* _Work to complete_: Extract from the entries below, exactly as given, only the lines from the line containing "Ivory Silver 2025 Kia Carnival Hybrid SX" to the line containing "A senior woman painting flowers on canvas", both lines included.

* _Exercise material_:
_____
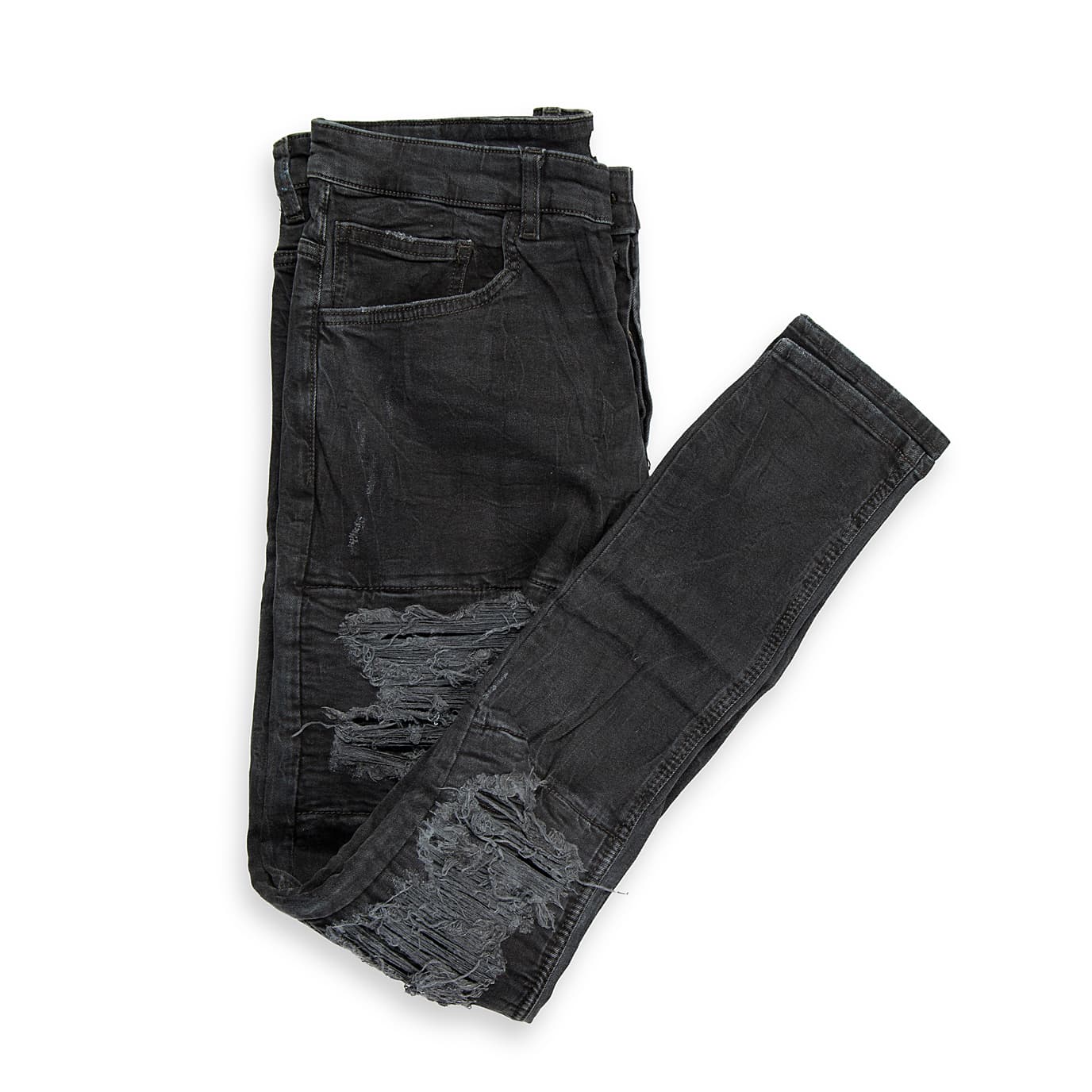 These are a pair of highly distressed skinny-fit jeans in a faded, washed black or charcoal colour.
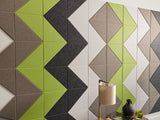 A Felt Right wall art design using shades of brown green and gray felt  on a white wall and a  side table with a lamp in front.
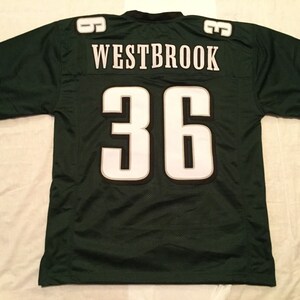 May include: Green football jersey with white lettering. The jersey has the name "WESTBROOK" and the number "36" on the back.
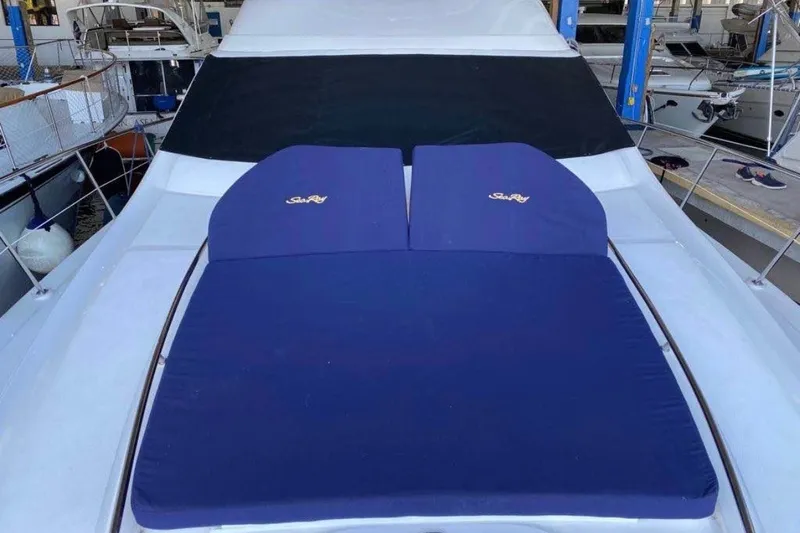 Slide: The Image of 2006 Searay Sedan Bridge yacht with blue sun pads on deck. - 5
_____
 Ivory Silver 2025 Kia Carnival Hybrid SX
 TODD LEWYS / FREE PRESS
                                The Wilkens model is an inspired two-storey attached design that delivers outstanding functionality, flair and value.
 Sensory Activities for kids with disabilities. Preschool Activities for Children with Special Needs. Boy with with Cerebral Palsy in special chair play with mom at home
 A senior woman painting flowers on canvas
_____
* _Final answer_:
 Ivory Silver 2025 Kia Carnival Hybrid SX
 TODD LEWYS / FREE PRESS
                                The Wilkens model is an inspired two-storey attached design that delivers outstanding functionality, flair and value.
 Sensory Activities for kids with disabilities. Preschool Activities for Children with Special Needs. Boy with with Cerebral Palsy in special chair play with mom at home
 A senior woman painting flowers on canvas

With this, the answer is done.